Still, it is important to point out that while the Sensex may have climbed by a third in the past 12 months, this merely mirrors the growth in corporate profits during the same period -- in other words, price-earnings multiples have not changed, unlike the period till May 2006, when the market had a more convincing bull run.

Analysis by the Business Standard Research Bureau shows that, of 128 sectors, the market capitalisation of 54 sectors on Wednesday was below the level in May 2006. Likewise, nearly 47 per cent of stocks are languishing. Sectors like sugar, automobiles, textiles, forgings, FMCG and oil and gas have seen stock prices decline of 20 per cent and more. Even software, pharmaceuticals, metals and hotels have not kept pace with the Sensex, which has risen up over 29 per cent since May 2006.

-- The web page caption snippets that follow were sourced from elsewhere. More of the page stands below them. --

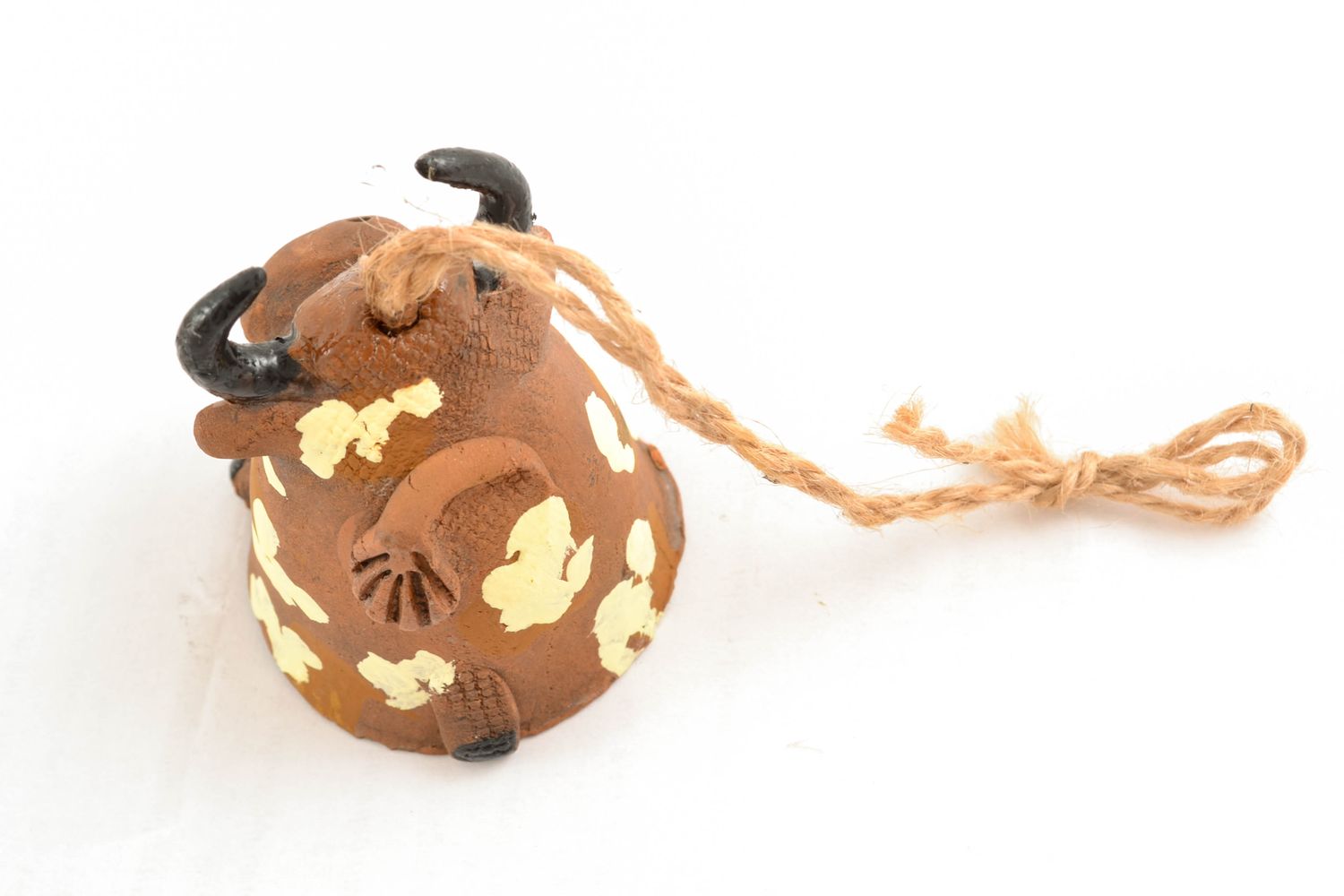 Designer painted ceramic bell in the shape of cow photo 5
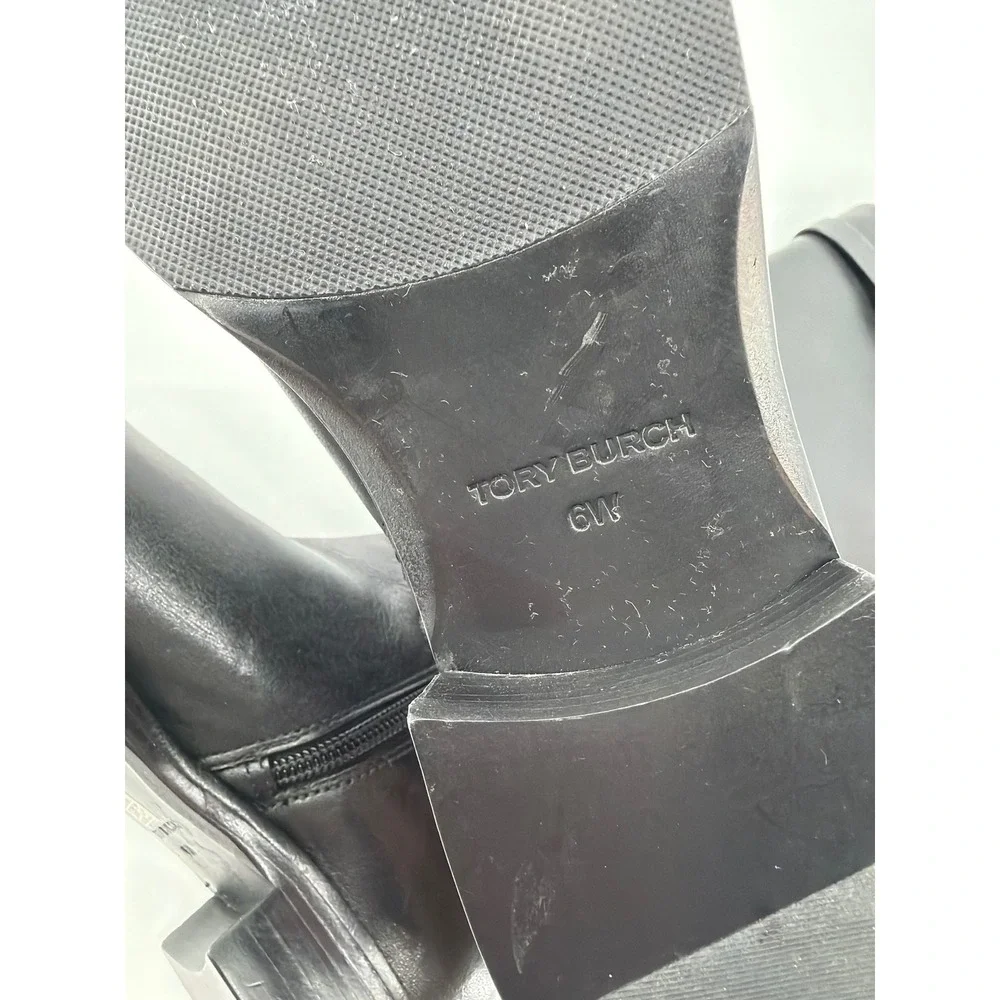 Tory Burch Black Leather Tall Riding‎ Boots Gold Logo Buckle 6W 139174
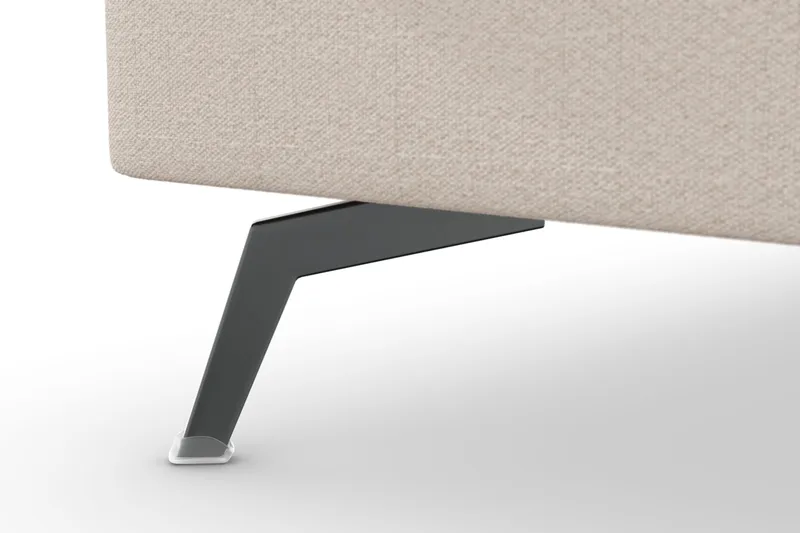 Ocean Lyx 6-sits Vänstervänd U-formad Soffa med Divan och Schäslong + Fotpall i Tyg - Beige - Möbler - Soffa - U-soffa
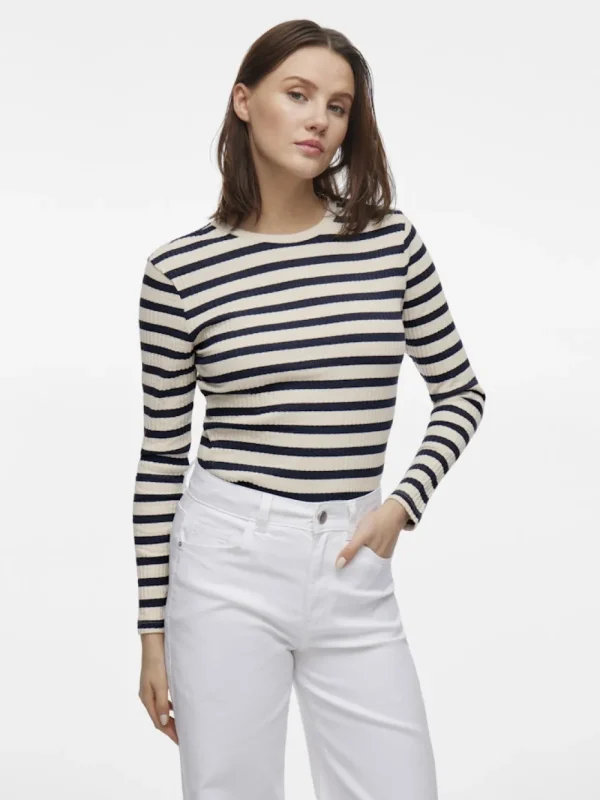 Vila VIAmelie O-Neck L/S Top Navy Blazer- Shirts & Blusen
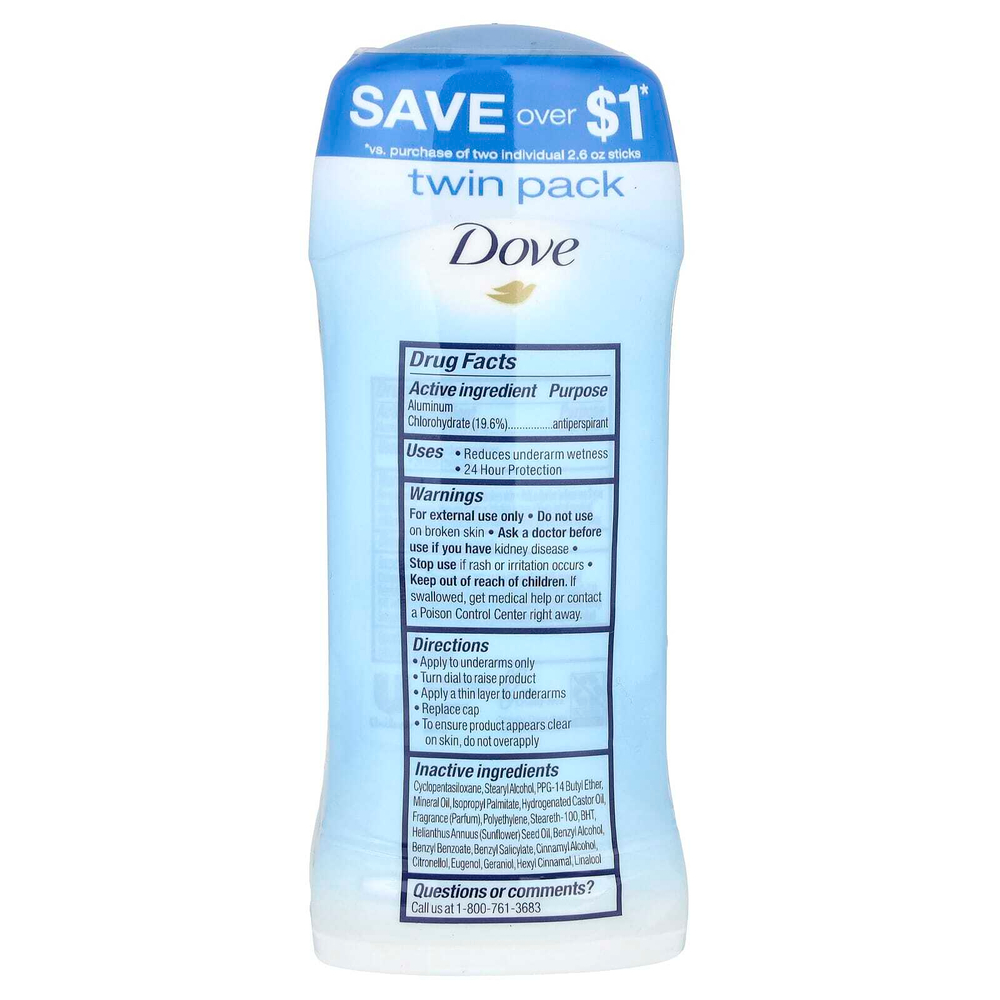 Dove, Дезодорант-антиперспирант, Original Clean, 2 упаковки по 74 г (2,6 унции)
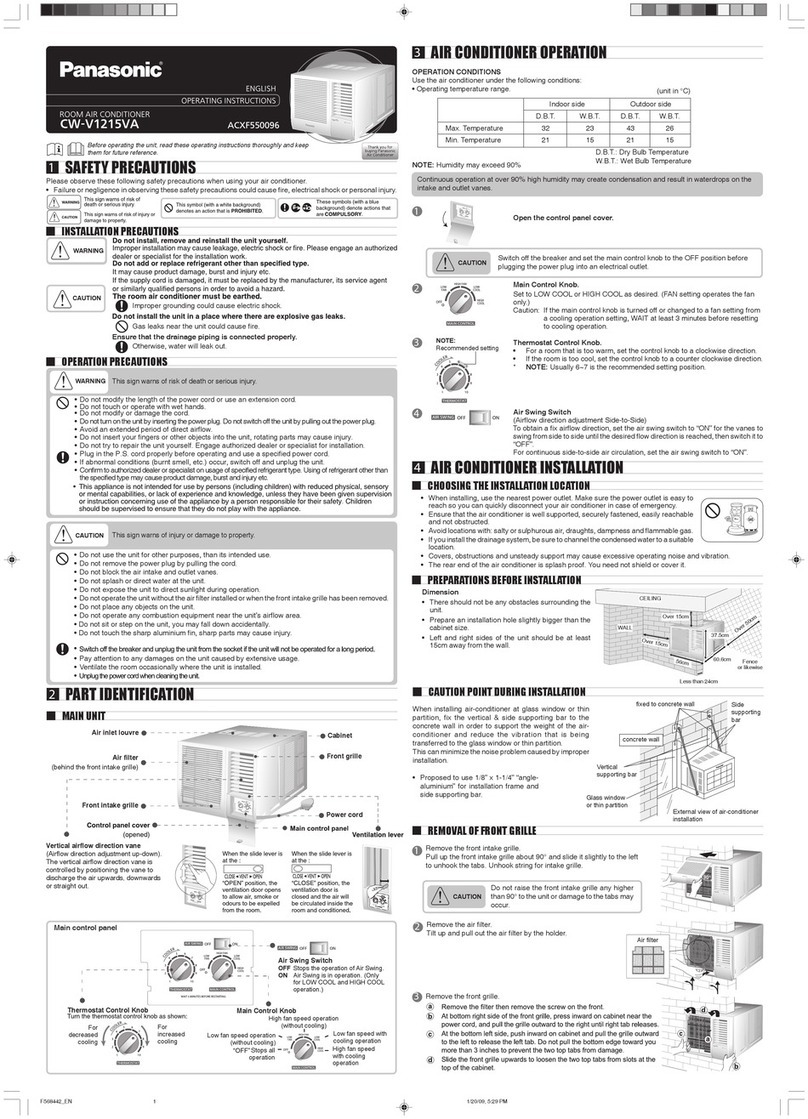 Panasonic CW-V1215VA User manual Panasonic CW-V1215VA User manual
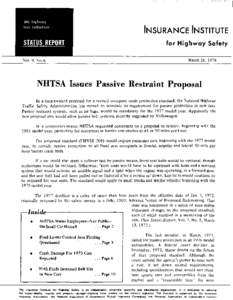 INSURANCE INSTITUTE for Highway Safety Vol. 9, No.6 March 26, 1974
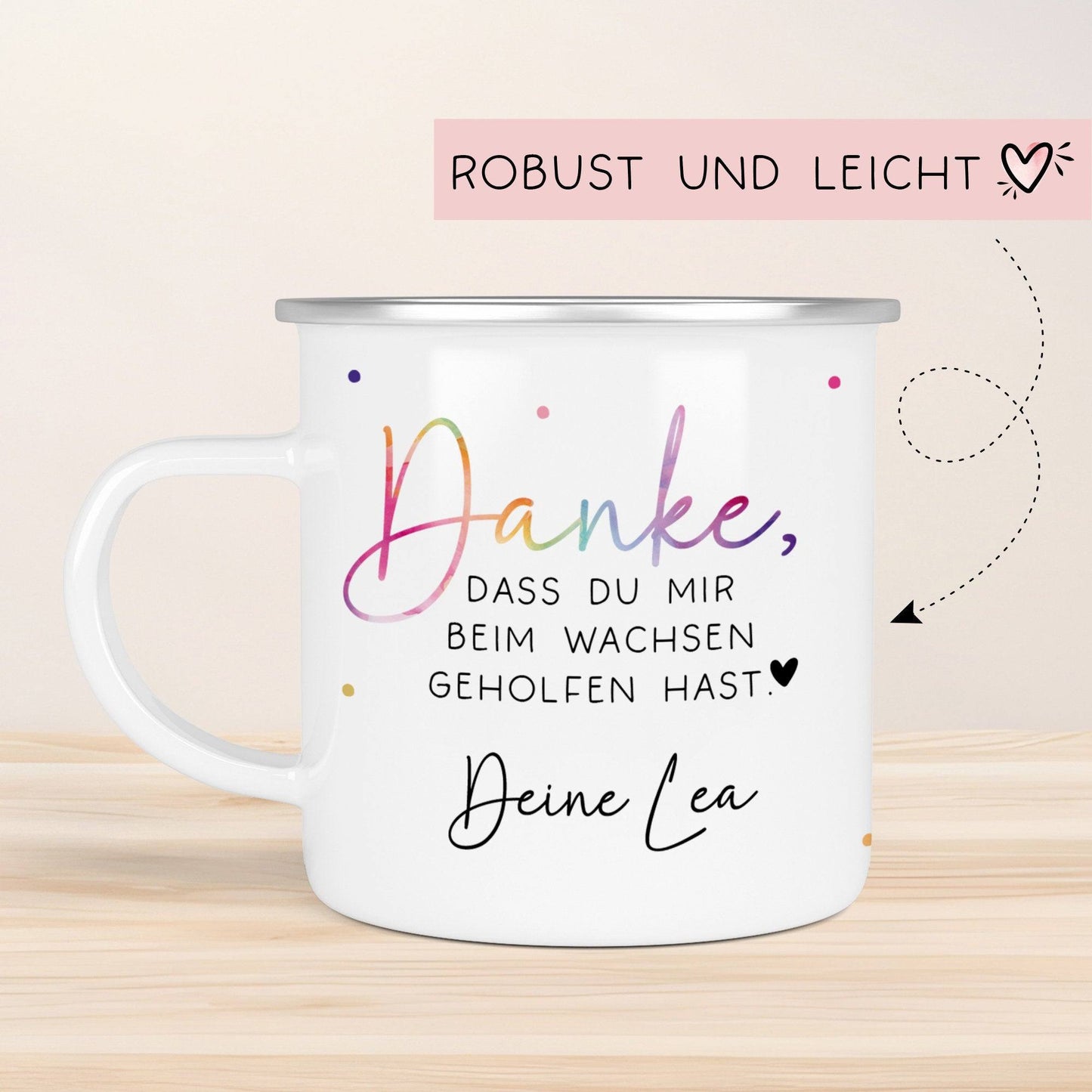 Danke das du mir beim Wachsen geholfen hast. Abschiedsgeschenk für Erzieherin Geschenk Abschiedsgeschenk Lehrerin Emaille Becher. kleinebuchstaben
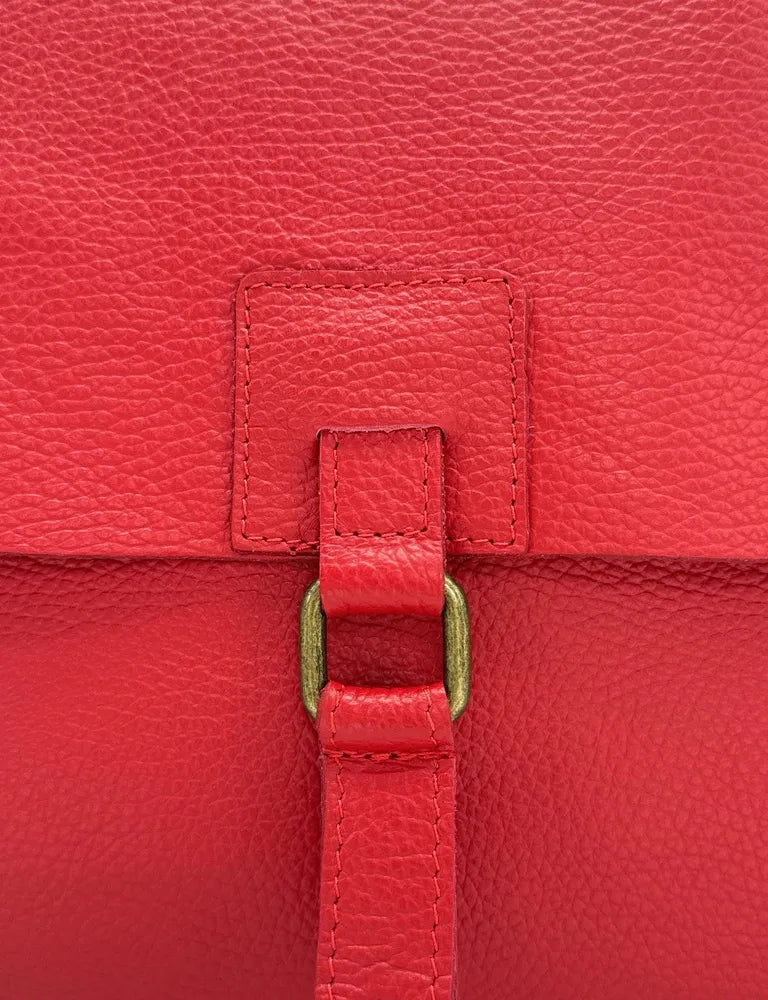 Sac bandoulière en cuir grainé COQUETTE Rouge garance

The favoured stocks in the bull run since then have been banking, telecom, power, capital goods and housing. These have been sectors where the growth has been good, and is likely to continue. Investors' large-cap bias has also resulted in major increases in the stock prices of companies like Reliance Industries, ICICI Bank, Larsen & Toubro, Bharti and HDFC, which have contributed significantly to the rise in the Sensex.

What next? It would seem that global investors are increasingly looking at emerging markets as a recourse in case the US slows down. So, there is good reason to believe that India's stock indices will scale a few more peaks on the way. That having been said, it would also be foolish to not recognise that the financial turmoil sweeping western economies will hit more corporate and financial entities, and that there will be a fair sprinkling of bad news in the coming weeks. That will be the next test of the market's resilience.